In a typical burro race, a runner and a burro travel a prescribed course together, with the runner leading the burro on a rope. Riding the burro is not allowed, though the human may carry the burro. The burro must be on a lead rope, which is limited to 15 ft. Runners must maintain control of their animals at all times. Burros were formerly required to carry a pack saddle with 33 pounds (15 kilograms) of traditional mining gear, which must include a pick, gold pan, and shovel. The weight requirement has since been lifted, however, the mining paraphernalia of a pick, gold pan, and shovel are still required to be carried on the pack saddle or in panniers. Runners may also include other gear in their pack saddles, such as windbreakers, water, food, etc. Cruelty to the burro is prohibited and racing officials may have burros examined by a veterinarian after the race.

==Competition==
Like horse racing, burro racing has its own "Triple Crown," consisting of three races.

===Fairplay===
The Fairplay race is 29 mi and counts as an ultra-marathon. It takes place in late July as part of Fairplay's Burro Days town festival. The race begins on the main street and goes to the top of Mosquito Pass.

===Leadville===
The Leadville race is 22 miles.

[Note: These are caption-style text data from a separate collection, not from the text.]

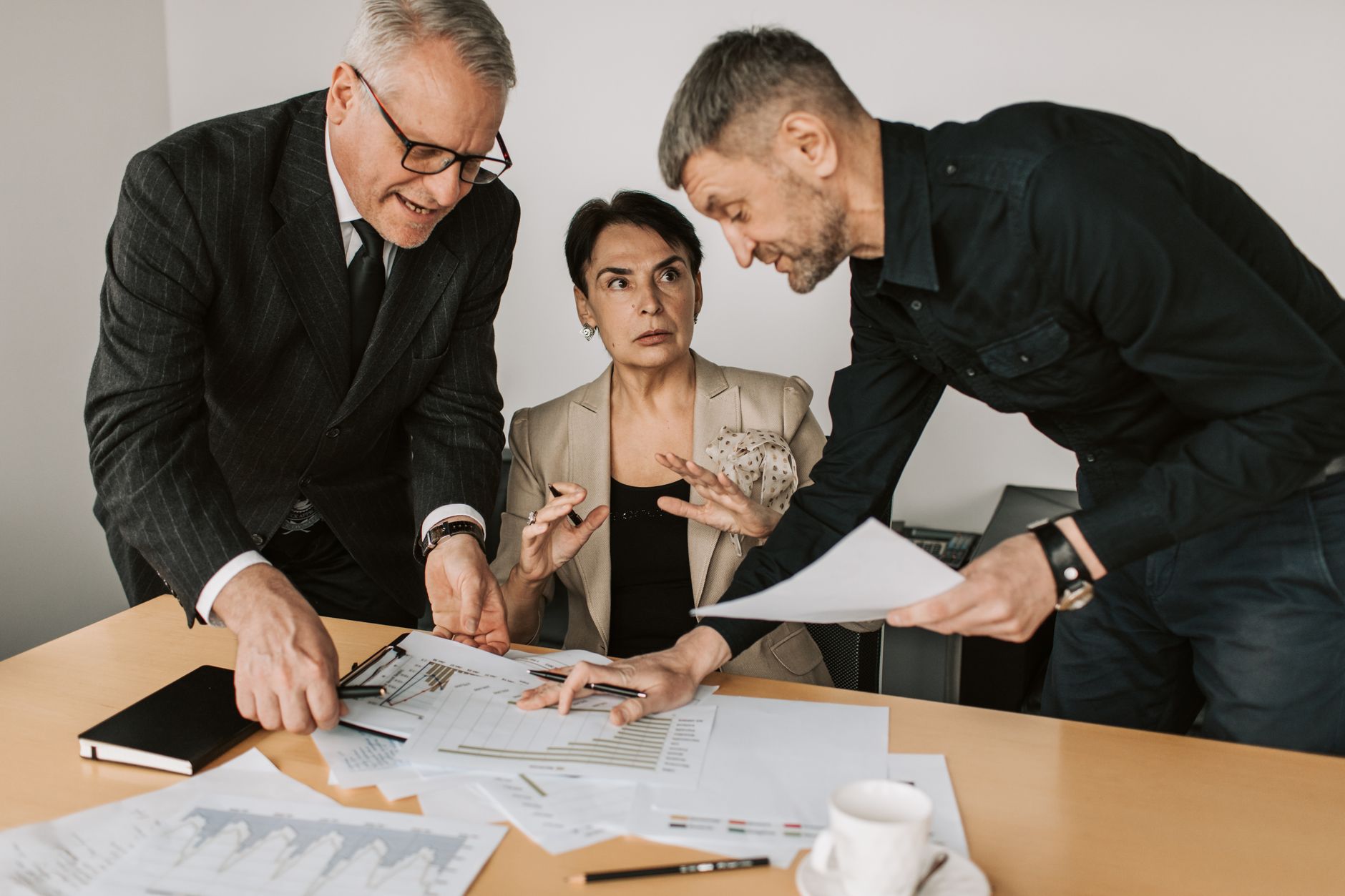 Business professionals in a meeting discussing enterprise software strategy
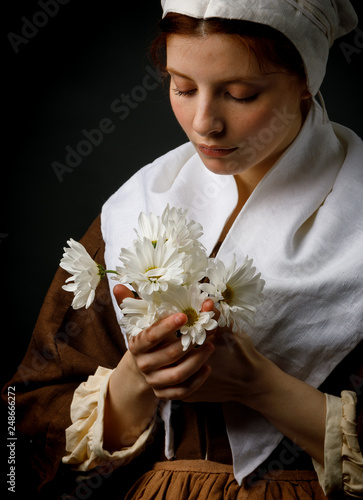 Medieval maid holding flowers photo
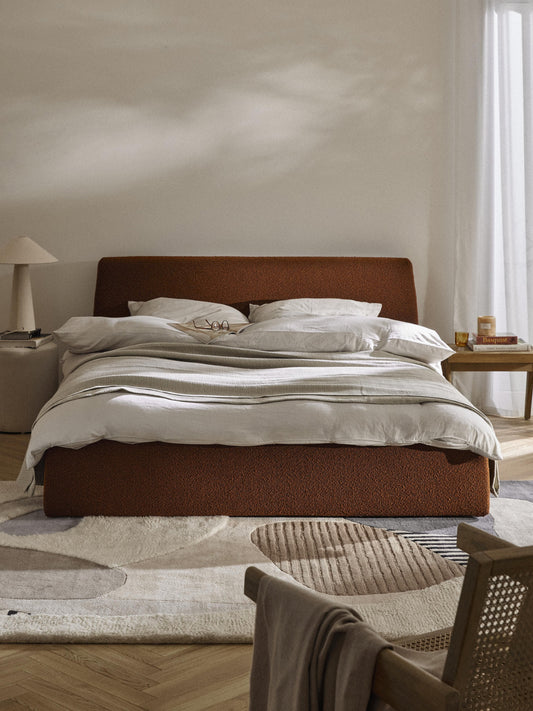 Clovarr Upholstered Storage Bed in Bouclé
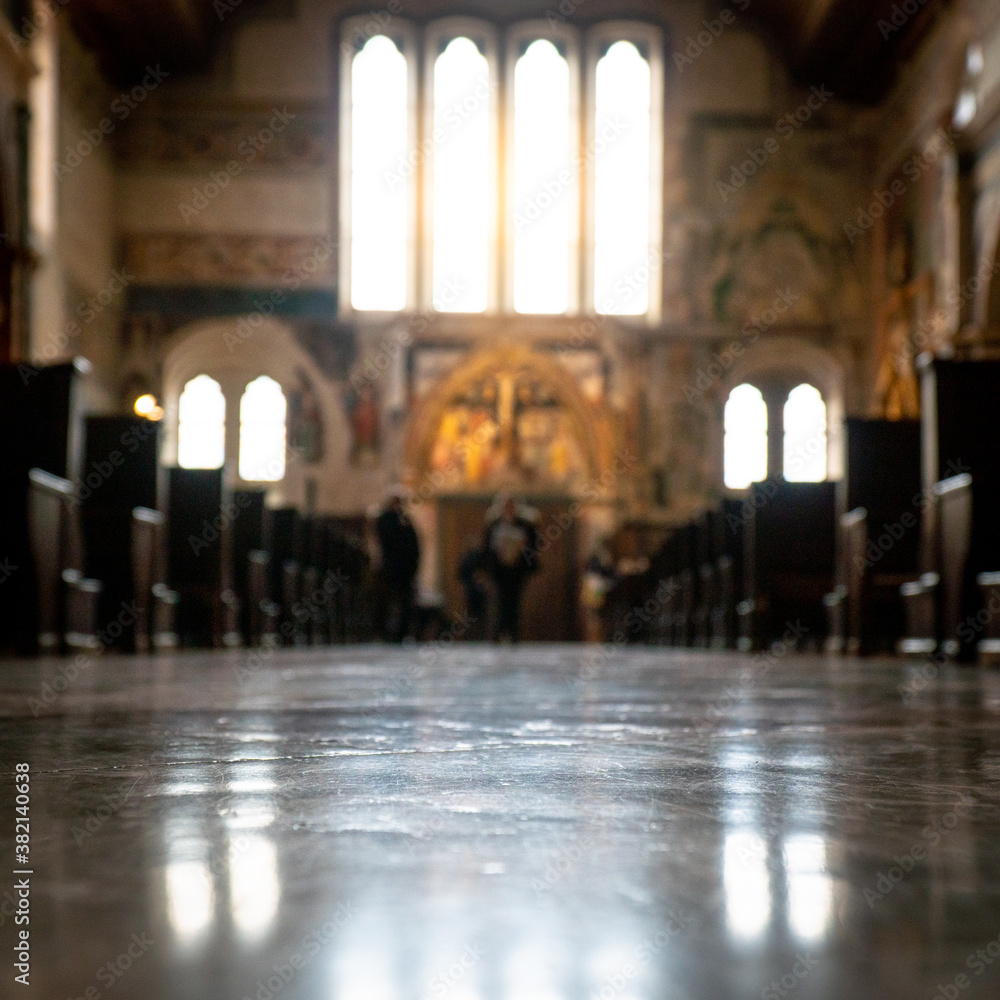 Blurred architecture background of church interior inside old cathedral catholic holy pray god jesus religion with candles Blurred architecture background of church interior inside old cathedral catholic holy pray god jesus religion with candles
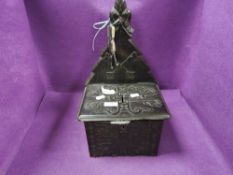 A gothic styled church collection box having a Black Forest style design with wrought iron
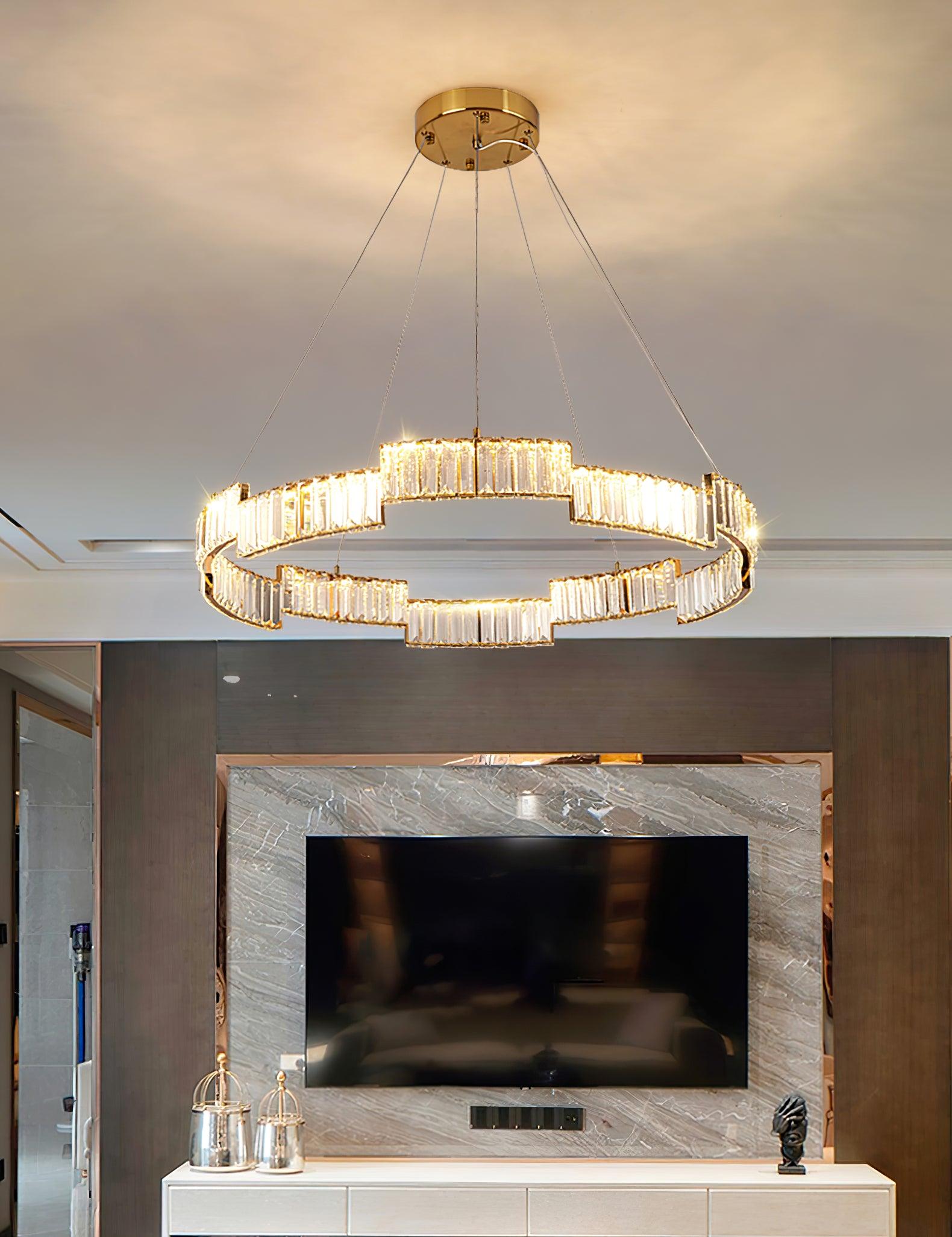 Wide view of ring chandelier above a television wall and console with glass-covered decorations and black head sculpture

It takes place the first full weekend of August, typically a week after the Fairplay race, as part of the Leadville's Boom Days city festival. The race goes to the top of Mosquito Pass, then comes back into town through the California Gulch Mining District, past the site of Oro City.

===Buena Vista===
The Buena Vista race is 12 miles. It typically takes place a week after the Leadville race as part of Buena Vista's Gold Rush Days festival.

==Other races==
In addition to the Colorado Triple Crown Races, other mining towns throughout Colorado are adding burro races to their event schedule, usually as part of an existing town festival. Towns include:
- Georgetown, Colorado
- Cripple Creek, Colorado
- Idaho Springs, Colorado
- Creede, Colorado
- Victor, Colorado
- Frederick, Colorado

Outside Colorado, versions of this sport have historically been enjoyed in other states going back to the 1950s in Big Bear, CA with the Old Miners Days Burro Race; and in the 1960s in Beatty, NV which hosted their annual Burro Race using a ready supply of wild burros from the historic Bullfrog Mining District. In Arizona the Lion's Club in Apache Junction conducted their own burro races starting in 1958. These races lasted a few years before going on a hiatus and coming back in 2021.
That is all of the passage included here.